Even though it uses digital technology and sends data in bits, the GSM messaging system is still a voice-based platform.
After being converted into tones, the bits are transmitted over a voice channel. Given the current state of our capabilities, this system currently operates at a slightly slower speed.
The problem, however, is that GSM lines will be phased out shortly because the frequencies they use are required for other systems, such as LTE and 5G. In Russia, they use the ERA-GLONASS system, which, as of 2015, has been using UMTS networks. This means the system is already 3G, one step up from eCall.
Some businesses, including Rohde & Schwarz, one of the referents in radiolocation equipment, are researching and developing a brand-new, significantly enhanced system known as recall.
One advantage is that it uses one of the software modules that conform to the most recent standard for LTE telephony networks.
The LTE IP Multimedia Subsystem (IMS) makes room for the essential functions of eCall and has the potential to offer more options for expanded capabilities.
When it comes to the LTE-based version, tone signals are a thing of the past.
On the other hand, the modern system cannot establish a voice connection, which is necessary for any system that handles emergency calls.
The data will be the same as eCall’s.
Still, other data, such as the vital signs of the vehicle’s occupants, can be sent via smartwatches, and a picture of the situation can be sent via cameras.
The data will be the same as eCall’s.
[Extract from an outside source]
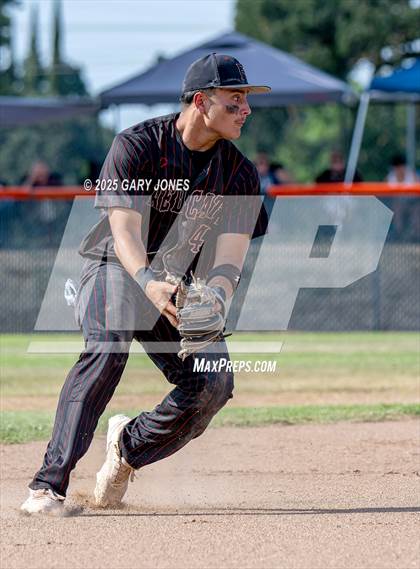 Thumbnail 3 in Roseville vs Fowler (CIF NorCal D3 Semifinal) photogallery.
The 112 switchboards could unlock doors and turn the car’s ignition off.
Will this brand-new, more sophisticated technology being utilized by the EU? It is essential to remember that making decisions is always a slow process, even though it would be desirable.
As a result, concluding may take several years, during which time the NGeCall technology may have already become obsolete.
As a result, we will observe if the automobile manufacturers will move forward with the initiative to have a safety advertising bonus.
Let’s keep our fingers crossed that the eCall technology won’t become archaic soon.
Otherwise, automobiles will be without their most effective passive safety system.
If there were 2,500 fewer deaths, then there would be 2,500 people who could go back to being with their families.
Even though the number of fatal accidents may appear clinical and unimportant on television, we still need to work every day to improve our safety systems because every life is essential.
Will it be possible for us to achieve our goal of 0 deaths by the year 2050? Whether we are more pessimistic or optimistic about our chances of success, we must keep working toward our goals.
In addition, an eCall system is a handy tool.